Damals mussten die Krankenkassen die in Deutschland von Arbeitnehmern und Arbeitgebern bezahlt werden auch nur fuer die bezahlen, die eingezahlt haben.
Heutzutage darf sich jeder, der von der Bundesregierung als Gast eingeladen wird, an den Kassen bedienen, die von Arbeitnehmern und Arbeitgebern gefuellt werden muessen.
Sogar die Verwandtschaft eines Gastarbeiters, kann in Ankara auf IKK Kosten zum Arzt.

http://www.welt.de/print-wams/articl...zahlen.html

Das ist eine klare Benachteiligung der deutschen Arbeitnehmer, die diese Behandlungen und die von zigtausend anderen die nie ins System einbezahlt haben, mit tragen muessen.

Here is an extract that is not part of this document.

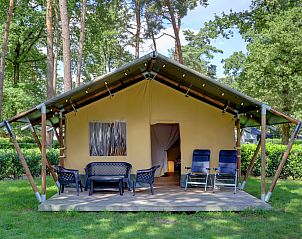 Unterkunft 055017 - Zelthaus Limburg - Safaritent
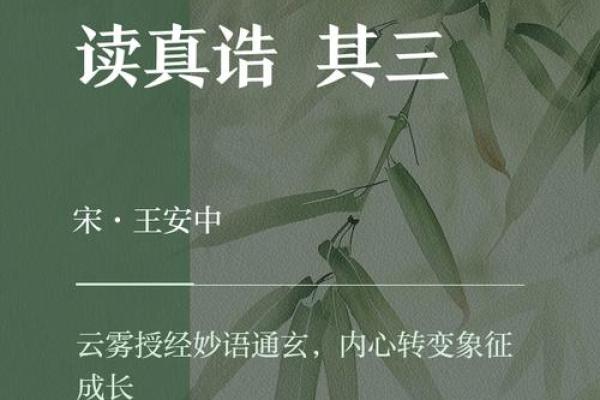 命里无屋宇，心中有乾坤——探寻内心的真正归属与价值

Dem deutschen Michel erzaehlt man halt kurz, dass es zu viele Alte und zu wenig Junge gibt, und dann fuellt er wieder brav die Kassen mit noch hoeheren Beitraegen.

Wenn sie nur endlich mal nach Deutschland kommen wuerden, all die hochqualifizierten, nach Arbeit gierenden Menschen aus dem Ausland.

Wer wirklich was drauf hat, und hochqualifiziert ist, der geht sicher nicht nach Deutschland, denn wenn er schlau ist, weiss er auch, dass er in dem Land, den halben Monat fuer andere arbeiten gehen muss.